From Antonio Vivaldi Bach borrowed more extensively, as witness the numerous keyboard concertos that are actually arrangements of works by the Venetian master. In fact, as recently as the early twentieth century the composer of the "Four Seasons" was known, by and large, only to Bach scholars, who for many years were interested in Vivaldi primarily as a supplier of musical straw to be spun into gold by Bach. Since the second World War, with the publication of modern editions -- and, dare we add, with the rise of the period-instrument movement -- Vivaldi has come into his own, though his sonatas, operas, and many other vocal works are still overshadowed by his more than 500 concertos. Our selection is a concerto in the broad Baroque sense: it's a chamber work for a diverse group of solo instruments with continuo. The solo, or concertato, roles are played by different instruments and pairs of instruments in turn, while the ripieno (roughly, "orchestral") sections or ritornelli are taken by the entire group, often with the three treble instruments in unison.

Bach's debt to Vivaldi is evident in the e-minor trio sonata, one of six originally composed for organ during Bach's Leipzig period. As we have done with other organ trios, we will perform this work in a more prototypical trio-sonata configuration: recorder and violin will play the role of the organist's hands, while the continuo players take the pedal line. In its overall design of this piece is typical of the newer Italian concerto style, with three discrete movements (fast, slow, fast). The Vivaldian legacy is most apparent in the first movement, with its ritornello structure and violinistic writing. What is perhaps more significant than these surface features is the idea, articulated by Bach's early biographer Johann Nikolaus Forkel, that Bach, in transcribing Vivaldi's works, learned "how to think musically." And, indeed, a close examination of this trio reveals some very subtle and sophisticated musical thinking. For example, organist John Butt has noted that the first movement simultaneously combines ritornello, da capo (ABA) and fugal structures, not to mention the juxtaposition of rigorous counterpoint with the almost galant character of the movement's central section.

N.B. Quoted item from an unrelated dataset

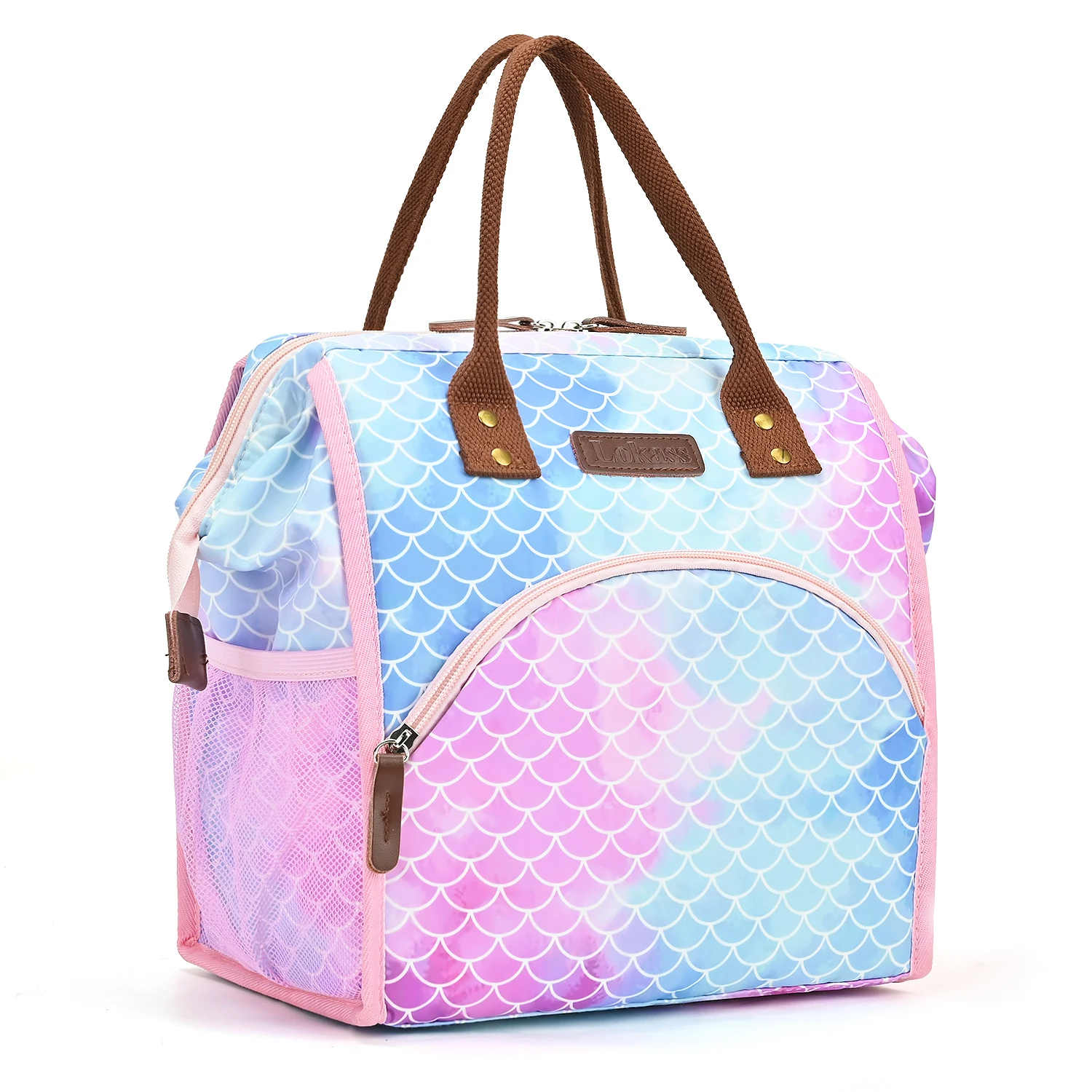 Lokass Free Sample Customized Lunch Bag 2022 Newest Design Fish Scale Pattern Blue Pink Mixed Insulated Cooler Lunch Bag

Georg Philipp Telemann, the most popular German musician of his day, probably met the young Bach while working as court Kapellmeister in Bach's native Eisenach. He later stood godfather to Carl Philipp Emanuel Bach, and in 1722 was offered the Leipzig cantorate that went to the elder Bach only after Telemann's current employer presented him with an attractive counteroffer. Telemann's some 17,000 compositions have earned him a mention in the Guinness Book of World Records -- not to mention the distinction of being the Albuquerque Baroque Players' most-played composer! Perhaps because he was so prolific and apparently facile, his posthumous reputation has followed a path similar to that of Vivaldi's: only in the twentieth century has scholarship drawn Telemann out of Bach's and Handel's shadows and approached him on his own terms. While a small ensemble like ABP can explore no more than a tiny sampling of Telemann's output, we have, over the years, been repeatedly amazed and delighted by the great variety and consistently high quality of his work. Among the chamber works the quartets, written for all manner of instrumental combinations, are especially fine. Our selection shows some of the many textural possibilities of the quartet: the thematic division of labor in the first movement suggests a violin concerto, while the second and third are for three equal parts, with the continuo joining in the counterpoint in the third movement.

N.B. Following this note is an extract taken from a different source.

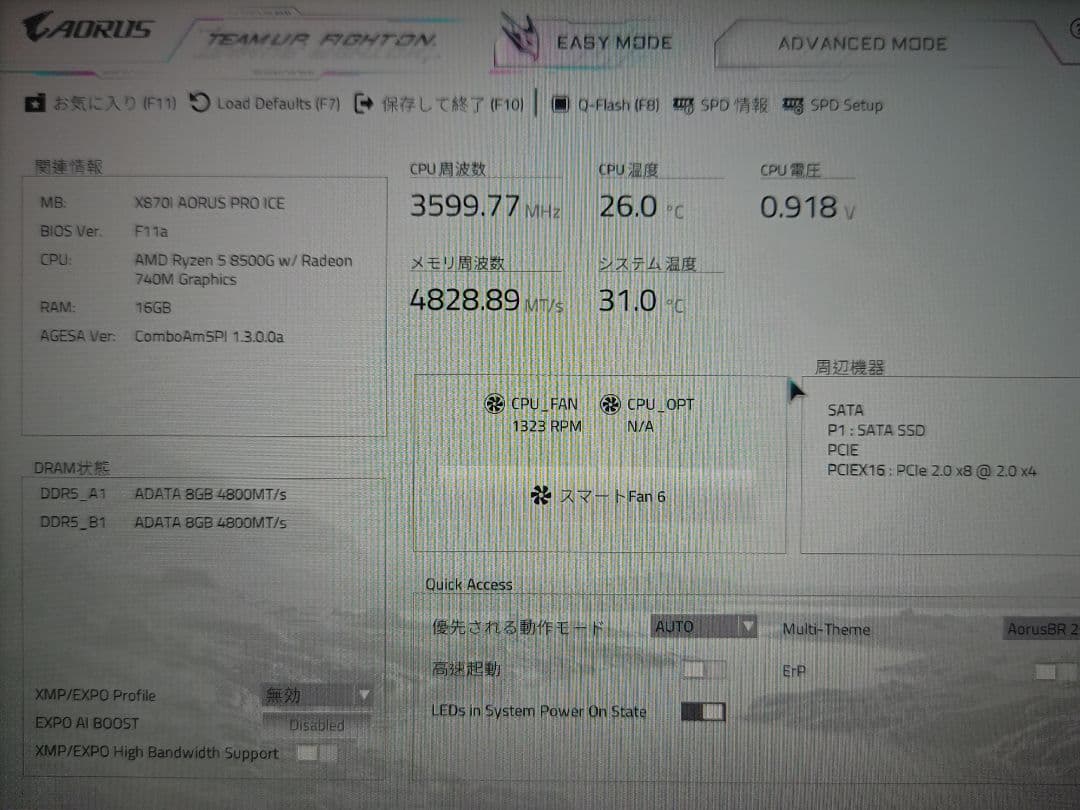 美品 X870I AORUS PRO ICE 最新BIOS更新済み マザーボード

Our remaining selection has been attributed to both Johann Friedrich Fasch and Johann Joachim Quantz. To at least some musicians, the preponderance of the musical evidence suggests that the e-minor trio was composed for oboes by Fasch and subsequently arranged for flutes by Quantz, with the oboe version somehow becoming misattributed to the latter. Both composers bridged the Baroque and Classical periods, though Quantz is perhaps more closely associated than Fasch with the style galant. Our selection does lean towards the later style, especially in the affettuoso third movement, but the rhythmic vitality of the fast movements, along with bits of imitative counterpoint, retains some of the flavor of the Baroque.